Listed entries: Begin

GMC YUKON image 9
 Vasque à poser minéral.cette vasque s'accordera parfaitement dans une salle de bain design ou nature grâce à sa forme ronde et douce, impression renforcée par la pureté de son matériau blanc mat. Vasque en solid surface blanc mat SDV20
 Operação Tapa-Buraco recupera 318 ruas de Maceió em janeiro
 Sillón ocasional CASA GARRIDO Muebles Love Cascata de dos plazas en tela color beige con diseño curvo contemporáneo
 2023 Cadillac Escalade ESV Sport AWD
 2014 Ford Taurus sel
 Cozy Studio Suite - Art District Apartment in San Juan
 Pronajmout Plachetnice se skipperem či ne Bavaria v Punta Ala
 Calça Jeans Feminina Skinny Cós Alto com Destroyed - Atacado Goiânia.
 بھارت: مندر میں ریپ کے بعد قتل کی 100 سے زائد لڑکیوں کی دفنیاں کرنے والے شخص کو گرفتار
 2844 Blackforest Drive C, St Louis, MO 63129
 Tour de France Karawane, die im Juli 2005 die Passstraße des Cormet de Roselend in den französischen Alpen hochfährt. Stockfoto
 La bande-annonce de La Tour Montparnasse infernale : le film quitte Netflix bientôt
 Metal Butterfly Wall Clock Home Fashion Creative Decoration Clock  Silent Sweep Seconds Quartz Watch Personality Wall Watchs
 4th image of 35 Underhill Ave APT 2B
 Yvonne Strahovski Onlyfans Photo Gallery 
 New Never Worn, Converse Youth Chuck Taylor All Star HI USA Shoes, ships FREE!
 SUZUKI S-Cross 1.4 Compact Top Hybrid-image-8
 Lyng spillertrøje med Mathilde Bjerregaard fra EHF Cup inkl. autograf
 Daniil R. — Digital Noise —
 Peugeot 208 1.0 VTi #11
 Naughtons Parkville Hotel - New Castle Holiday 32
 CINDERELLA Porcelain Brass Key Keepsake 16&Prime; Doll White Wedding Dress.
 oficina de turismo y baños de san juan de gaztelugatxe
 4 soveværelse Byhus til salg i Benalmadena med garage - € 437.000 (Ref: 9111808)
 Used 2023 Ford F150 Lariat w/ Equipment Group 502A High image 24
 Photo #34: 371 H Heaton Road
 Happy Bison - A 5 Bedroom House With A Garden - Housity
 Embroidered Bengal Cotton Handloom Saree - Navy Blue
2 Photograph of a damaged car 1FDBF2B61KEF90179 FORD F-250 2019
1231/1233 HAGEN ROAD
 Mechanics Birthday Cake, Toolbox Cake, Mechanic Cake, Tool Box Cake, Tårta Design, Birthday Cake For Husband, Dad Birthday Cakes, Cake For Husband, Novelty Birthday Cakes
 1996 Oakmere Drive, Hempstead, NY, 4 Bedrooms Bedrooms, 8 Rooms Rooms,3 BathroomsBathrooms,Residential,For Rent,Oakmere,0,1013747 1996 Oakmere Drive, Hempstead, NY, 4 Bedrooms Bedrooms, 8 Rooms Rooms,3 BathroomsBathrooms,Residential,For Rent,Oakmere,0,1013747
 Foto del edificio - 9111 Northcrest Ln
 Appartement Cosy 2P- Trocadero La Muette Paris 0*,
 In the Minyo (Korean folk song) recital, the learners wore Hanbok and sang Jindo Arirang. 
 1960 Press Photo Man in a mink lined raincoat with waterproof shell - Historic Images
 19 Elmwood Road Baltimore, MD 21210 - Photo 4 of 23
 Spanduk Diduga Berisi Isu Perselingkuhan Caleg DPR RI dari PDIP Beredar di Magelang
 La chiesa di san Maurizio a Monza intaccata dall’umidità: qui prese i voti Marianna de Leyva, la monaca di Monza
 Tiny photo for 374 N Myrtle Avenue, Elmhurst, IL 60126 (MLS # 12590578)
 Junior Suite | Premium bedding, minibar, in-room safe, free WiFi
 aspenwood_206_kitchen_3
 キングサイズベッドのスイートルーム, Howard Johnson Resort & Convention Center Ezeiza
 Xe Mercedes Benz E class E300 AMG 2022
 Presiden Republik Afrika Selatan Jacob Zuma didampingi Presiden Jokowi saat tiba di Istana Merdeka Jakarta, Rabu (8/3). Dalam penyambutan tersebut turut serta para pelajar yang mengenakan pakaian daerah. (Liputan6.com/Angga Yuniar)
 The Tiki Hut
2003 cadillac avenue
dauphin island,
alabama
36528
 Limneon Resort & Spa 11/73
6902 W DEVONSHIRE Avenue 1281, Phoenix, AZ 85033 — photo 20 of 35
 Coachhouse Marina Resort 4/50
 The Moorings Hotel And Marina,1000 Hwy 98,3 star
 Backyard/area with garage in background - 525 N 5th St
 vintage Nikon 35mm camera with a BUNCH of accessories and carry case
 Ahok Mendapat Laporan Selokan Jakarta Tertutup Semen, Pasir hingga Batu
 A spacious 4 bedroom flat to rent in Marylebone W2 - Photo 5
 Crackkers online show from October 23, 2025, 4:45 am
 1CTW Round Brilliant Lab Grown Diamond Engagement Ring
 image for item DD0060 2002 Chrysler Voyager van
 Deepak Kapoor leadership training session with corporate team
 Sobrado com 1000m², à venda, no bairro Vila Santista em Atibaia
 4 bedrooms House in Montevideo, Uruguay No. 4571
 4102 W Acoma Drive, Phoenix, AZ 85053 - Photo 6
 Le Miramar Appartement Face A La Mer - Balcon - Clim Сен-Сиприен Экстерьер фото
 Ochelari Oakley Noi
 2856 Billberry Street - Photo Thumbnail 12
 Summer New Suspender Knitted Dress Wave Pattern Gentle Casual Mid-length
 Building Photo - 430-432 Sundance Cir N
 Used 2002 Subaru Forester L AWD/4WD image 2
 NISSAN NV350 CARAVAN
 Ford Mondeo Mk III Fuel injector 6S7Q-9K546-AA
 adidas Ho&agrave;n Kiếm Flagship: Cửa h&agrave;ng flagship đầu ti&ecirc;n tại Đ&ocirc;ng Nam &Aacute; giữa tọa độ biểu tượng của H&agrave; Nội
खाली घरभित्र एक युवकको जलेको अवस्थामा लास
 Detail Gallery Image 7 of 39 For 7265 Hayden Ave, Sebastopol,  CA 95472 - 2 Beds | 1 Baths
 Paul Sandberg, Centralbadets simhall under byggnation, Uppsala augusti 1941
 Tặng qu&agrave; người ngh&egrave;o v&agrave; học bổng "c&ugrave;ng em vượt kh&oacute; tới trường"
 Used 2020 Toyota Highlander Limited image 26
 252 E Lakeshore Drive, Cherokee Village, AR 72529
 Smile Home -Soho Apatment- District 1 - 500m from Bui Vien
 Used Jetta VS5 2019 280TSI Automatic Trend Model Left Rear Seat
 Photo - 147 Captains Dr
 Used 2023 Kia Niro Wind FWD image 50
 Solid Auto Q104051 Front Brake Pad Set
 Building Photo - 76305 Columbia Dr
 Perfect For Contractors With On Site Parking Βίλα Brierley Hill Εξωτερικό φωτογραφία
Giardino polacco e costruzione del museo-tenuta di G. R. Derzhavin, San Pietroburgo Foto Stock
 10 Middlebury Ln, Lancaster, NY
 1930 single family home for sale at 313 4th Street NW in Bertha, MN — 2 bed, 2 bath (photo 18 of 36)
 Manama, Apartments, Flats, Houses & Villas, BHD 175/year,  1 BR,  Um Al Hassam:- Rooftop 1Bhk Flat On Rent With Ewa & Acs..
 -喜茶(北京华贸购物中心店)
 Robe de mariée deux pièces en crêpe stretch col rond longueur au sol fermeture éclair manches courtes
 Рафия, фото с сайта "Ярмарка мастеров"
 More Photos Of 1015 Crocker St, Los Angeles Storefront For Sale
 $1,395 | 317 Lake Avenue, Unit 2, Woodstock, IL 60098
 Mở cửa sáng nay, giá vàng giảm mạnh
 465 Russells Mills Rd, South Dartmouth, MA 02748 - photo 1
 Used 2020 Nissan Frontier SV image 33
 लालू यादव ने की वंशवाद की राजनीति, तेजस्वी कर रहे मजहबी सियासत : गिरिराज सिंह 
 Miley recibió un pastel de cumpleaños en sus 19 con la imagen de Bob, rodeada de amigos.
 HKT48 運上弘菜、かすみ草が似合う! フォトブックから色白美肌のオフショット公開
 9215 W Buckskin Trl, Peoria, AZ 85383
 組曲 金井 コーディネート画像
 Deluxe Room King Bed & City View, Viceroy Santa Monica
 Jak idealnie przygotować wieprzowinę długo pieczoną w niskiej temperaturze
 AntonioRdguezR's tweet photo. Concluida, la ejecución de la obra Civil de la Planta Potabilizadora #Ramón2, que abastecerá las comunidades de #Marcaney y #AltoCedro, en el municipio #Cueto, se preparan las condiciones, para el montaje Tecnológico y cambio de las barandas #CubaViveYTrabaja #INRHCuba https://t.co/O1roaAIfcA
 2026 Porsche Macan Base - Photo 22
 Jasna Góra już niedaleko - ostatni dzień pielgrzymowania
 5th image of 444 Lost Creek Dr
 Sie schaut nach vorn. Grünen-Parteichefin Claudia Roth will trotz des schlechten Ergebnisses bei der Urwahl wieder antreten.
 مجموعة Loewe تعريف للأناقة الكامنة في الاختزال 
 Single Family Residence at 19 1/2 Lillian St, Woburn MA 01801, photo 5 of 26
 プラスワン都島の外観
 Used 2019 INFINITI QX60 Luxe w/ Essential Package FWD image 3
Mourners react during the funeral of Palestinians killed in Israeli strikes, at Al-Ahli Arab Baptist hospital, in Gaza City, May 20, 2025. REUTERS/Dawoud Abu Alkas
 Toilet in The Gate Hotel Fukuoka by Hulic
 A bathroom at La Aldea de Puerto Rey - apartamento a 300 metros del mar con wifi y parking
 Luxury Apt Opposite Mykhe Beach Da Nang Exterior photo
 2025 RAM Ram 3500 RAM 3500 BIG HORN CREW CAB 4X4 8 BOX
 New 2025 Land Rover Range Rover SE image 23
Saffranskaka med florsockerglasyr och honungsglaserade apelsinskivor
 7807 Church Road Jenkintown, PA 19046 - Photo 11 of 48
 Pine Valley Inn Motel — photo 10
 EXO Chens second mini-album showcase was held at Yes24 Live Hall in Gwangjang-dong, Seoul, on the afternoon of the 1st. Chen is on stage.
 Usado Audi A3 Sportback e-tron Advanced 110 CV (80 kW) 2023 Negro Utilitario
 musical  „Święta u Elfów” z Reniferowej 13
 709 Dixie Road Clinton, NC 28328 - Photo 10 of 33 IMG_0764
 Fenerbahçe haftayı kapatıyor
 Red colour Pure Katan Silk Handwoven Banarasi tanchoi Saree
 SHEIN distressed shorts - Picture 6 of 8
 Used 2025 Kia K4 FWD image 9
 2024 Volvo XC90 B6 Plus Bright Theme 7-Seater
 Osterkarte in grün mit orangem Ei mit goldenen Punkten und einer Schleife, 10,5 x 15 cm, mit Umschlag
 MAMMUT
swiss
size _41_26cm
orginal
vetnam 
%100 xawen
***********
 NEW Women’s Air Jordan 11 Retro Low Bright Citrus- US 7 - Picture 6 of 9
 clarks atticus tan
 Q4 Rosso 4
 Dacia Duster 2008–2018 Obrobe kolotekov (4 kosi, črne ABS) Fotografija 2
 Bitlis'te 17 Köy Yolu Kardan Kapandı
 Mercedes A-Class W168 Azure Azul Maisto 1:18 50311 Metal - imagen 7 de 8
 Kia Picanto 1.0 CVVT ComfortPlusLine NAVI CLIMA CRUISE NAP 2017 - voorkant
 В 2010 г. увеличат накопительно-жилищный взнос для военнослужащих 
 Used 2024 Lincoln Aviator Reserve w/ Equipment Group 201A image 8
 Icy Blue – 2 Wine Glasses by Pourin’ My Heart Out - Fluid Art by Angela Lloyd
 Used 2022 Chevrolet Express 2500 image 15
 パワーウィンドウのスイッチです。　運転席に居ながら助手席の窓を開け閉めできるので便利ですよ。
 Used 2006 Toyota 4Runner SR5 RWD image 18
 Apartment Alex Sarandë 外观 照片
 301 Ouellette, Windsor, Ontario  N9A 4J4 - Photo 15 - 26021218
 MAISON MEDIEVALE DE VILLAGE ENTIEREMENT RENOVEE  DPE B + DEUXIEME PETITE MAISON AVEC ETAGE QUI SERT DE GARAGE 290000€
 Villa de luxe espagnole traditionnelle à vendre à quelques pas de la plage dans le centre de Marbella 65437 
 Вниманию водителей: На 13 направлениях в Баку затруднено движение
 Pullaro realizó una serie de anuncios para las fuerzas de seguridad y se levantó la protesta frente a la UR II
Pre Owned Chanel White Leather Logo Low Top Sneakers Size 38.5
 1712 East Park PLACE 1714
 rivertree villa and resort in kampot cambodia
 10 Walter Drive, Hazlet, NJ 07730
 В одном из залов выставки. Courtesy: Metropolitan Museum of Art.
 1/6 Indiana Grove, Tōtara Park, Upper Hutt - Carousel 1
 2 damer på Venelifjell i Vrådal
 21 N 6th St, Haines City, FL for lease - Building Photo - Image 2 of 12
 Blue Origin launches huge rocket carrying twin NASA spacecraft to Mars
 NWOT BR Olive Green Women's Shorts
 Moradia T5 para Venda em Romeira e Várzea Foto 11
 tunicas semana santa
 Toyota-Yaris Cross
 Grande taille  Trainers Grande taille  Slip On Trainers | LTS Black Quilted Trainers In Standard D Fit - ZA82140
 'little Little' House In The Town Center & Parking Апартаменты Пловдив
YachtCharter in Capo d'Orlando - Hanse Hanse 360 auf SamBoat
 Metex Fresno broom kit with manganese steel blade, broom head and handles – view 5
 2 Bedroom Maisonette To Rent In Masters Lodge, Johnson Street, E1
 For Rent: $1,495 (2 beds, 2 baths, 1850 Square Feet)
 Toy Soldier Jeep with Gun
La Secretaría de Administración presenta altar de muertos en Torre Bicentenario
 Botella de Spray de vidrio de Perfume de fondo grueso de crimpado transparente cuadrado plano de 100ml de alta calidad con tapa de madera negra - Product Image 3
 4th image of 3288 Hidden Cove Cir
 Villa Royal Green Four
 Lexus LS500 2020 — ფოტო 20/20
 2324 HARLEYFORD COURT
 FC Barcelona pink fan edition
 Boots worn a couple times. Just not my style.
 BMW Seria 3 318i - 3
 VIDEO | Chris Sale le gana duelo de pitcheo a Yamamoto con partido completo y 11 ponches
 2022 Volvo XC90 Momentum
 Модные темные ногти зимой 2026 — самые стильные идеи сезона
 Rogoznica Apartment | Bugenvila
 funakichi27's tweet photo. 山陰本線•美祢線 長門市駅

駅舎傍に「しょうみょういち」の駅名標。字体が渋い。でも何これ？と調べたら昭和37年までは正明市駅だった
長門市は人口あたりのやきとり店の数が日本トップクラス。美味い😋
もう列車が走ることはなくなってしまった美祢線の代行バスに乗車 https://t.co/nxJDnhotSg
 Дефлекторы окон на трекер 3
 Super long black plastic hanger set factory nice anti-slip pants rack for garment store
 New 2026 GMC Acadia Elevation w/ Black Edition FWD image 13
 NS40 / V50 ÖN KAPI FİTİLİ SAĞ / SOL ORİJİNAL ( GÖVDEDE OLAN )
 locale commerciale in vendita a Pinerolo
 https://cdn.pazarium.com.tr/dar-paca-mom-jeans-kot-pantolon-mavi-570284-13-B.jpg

Listed entries: End

Please return only the lines above, starting at the line that has "Junior Suite |" and ending at the line that has "Crackkers online show", keeping both and leaving each one unchanged.

_Your solution_
 Junior Suite | Premium bedding, minibar, in-room safe, free WiFi
 aspenwood_206_kitchen_3
 キングサイズベッドのスイートルーム, Howard Johnson Resort & Convention Center Ezeiza
 Xe Mercedes Benz E class E300 AMG 2022
 Presiden Republik Afrika Selatan Jacob Zuma didampingi Presiden Jokowi saat tiba di Istana Merdeka Jakarta, Rabu (8/3). Dalam penyambutan tersebut turut serta para pelajar yang mengenakan pakaian daerah. (Liputan6.com/Angga Yuniar)
 The Tiki Hut
2003 cadillac avenue
dauphin island,
alabama
36528
 Limneon Resort & Spa 11/73
6902 W DEVONSHIRE Avenue 1281, Phoenix, AZ 85033 — photo 20 of 35
 Coachhouse Marina Resort 4/50
 The Moorings Hotel And Marina,1000 Hwy 98,3 star
 Backyard/area with garage in background - 525 N 5th St
 vintage Nikon 35mm camera with a BUNCH of accessories and carry case
 Ahok Mendapat Laporan Selokan Jakarta Tertutup Semen, Pasir hingga Batu
 A spacious 4 bedroom flat to rent in Marylebone W2 - Photo 5
 Crackkers online show from October 23, 2025, 4:45 am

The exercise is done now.